Exactly the lines below starting at the line with "Lernen, Verantwortung zu" and ending at the line with "Olympia Homes Beautifully" are wanted, with both ends included. Leave out the pictures and add no other lines.

• **ENTRIES PROVIDED**:
________________

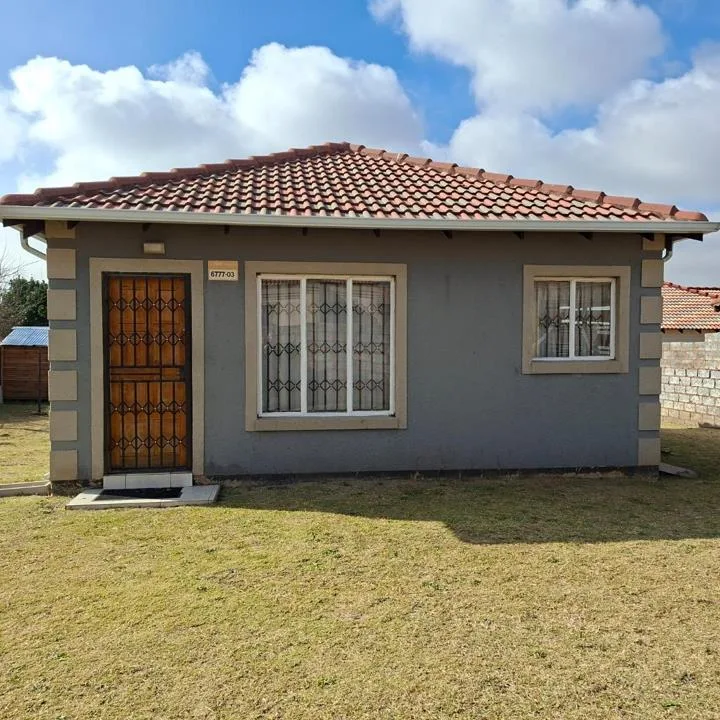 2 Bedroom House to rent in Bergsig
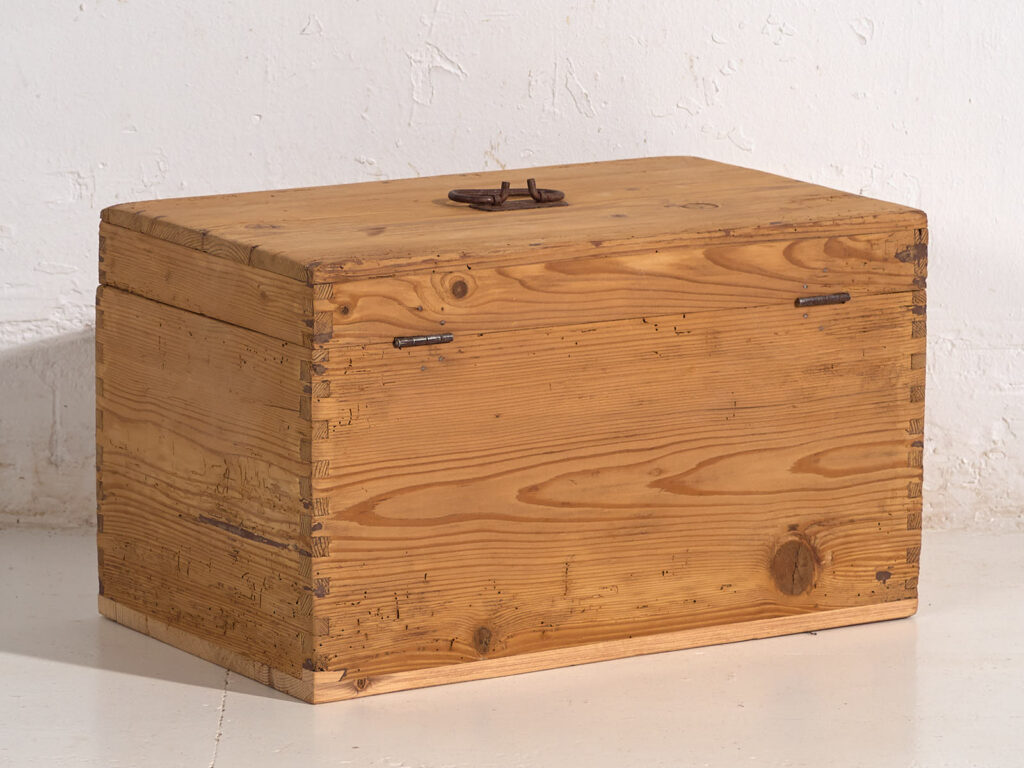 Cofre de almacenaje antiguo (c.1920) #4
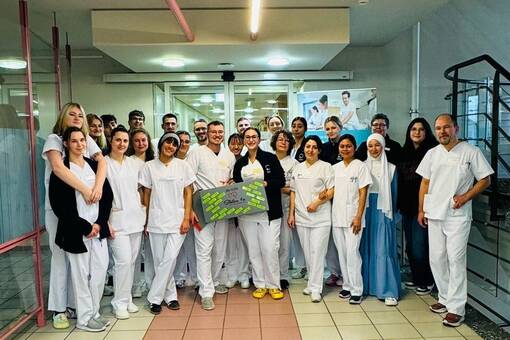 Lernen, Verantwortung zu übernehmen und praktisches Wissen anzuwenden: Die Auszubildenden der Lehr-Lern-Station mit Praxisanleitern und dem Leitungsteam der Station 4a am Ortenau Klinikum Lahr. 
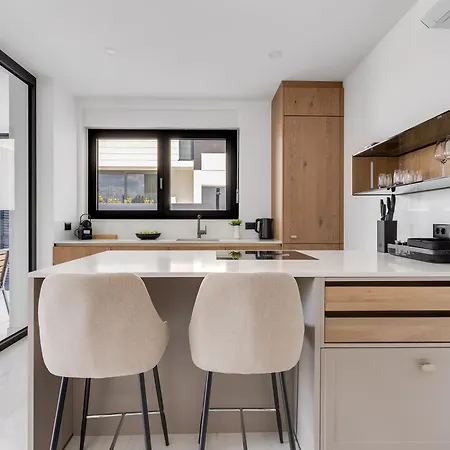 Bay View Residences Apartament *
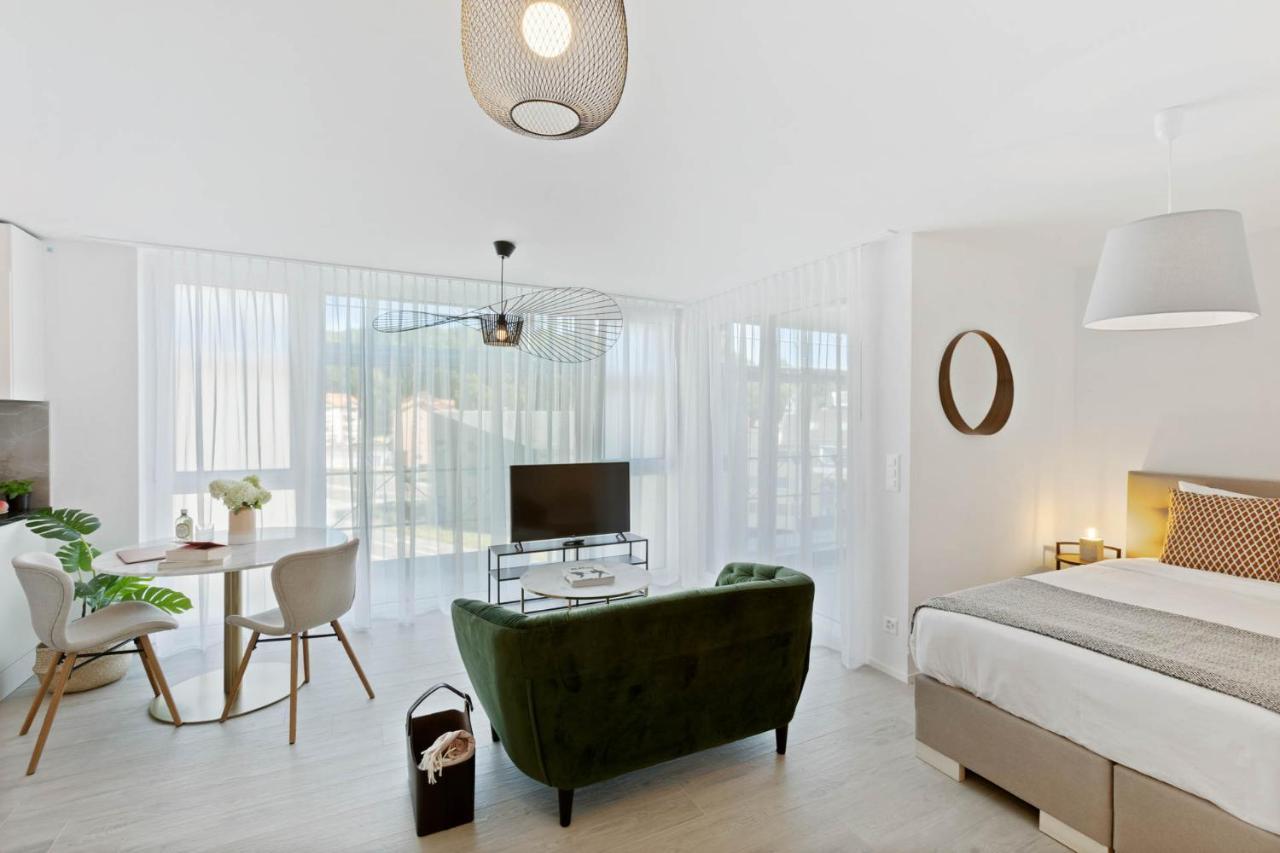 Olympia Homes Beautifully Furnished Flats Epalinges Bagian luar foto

________________

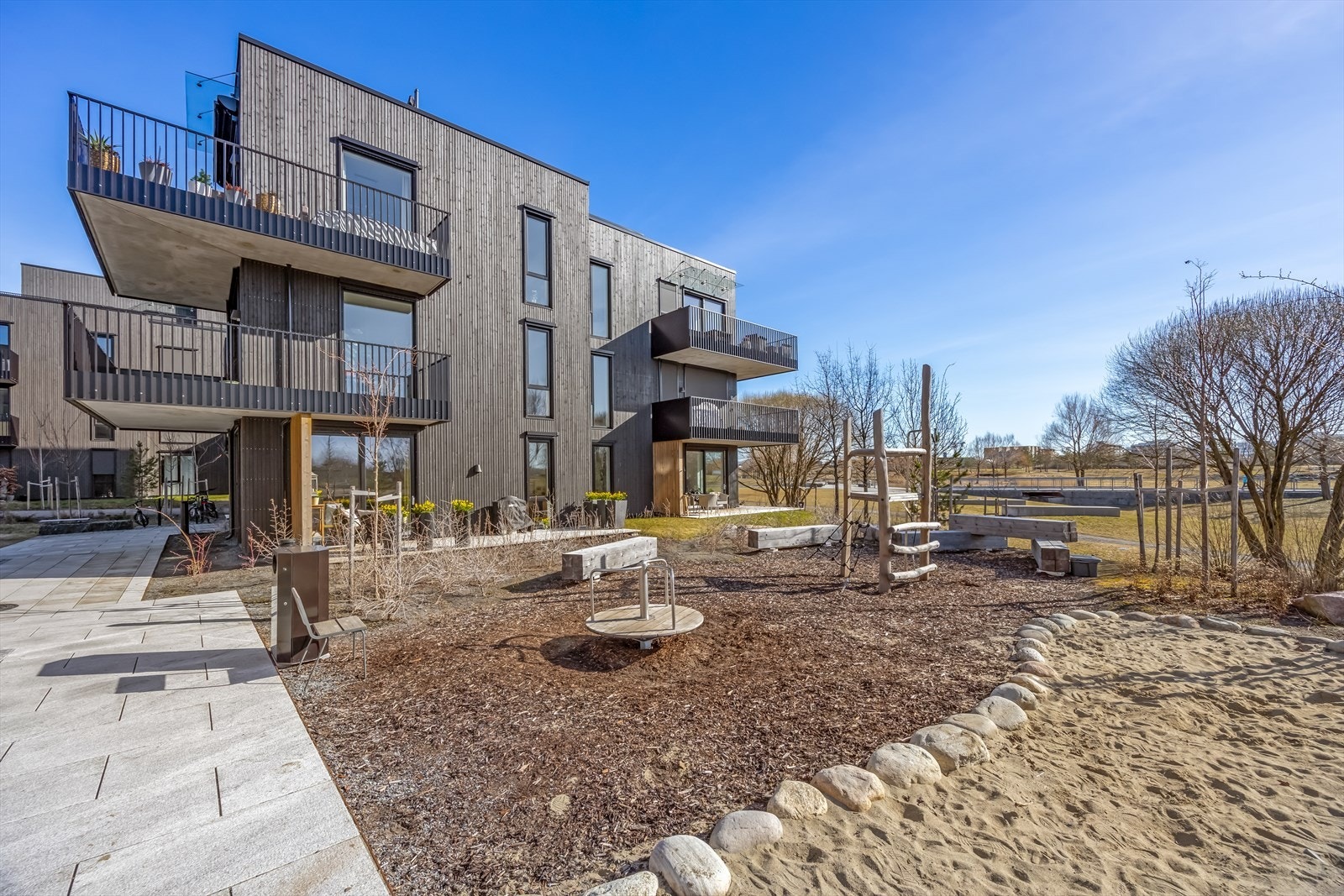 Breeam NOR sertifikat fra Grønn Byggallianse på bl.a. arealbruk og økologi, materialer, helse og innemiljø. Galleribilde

________________

• **TASK SOLUTION**:
 Lernen, Verantwortung zu übernehmen und praktisches Wissen anzuwenden: Die Auszubildenden der Lehr-Lern-Station mit Praxisanleitern und dem Leitungsteam der Station 4a am Ortenau Klinikum Lahr. 
 Bay View Residences Apartament *
 Olympia Homes Beautifully Furnished Flats Epalinges Bagian luar foto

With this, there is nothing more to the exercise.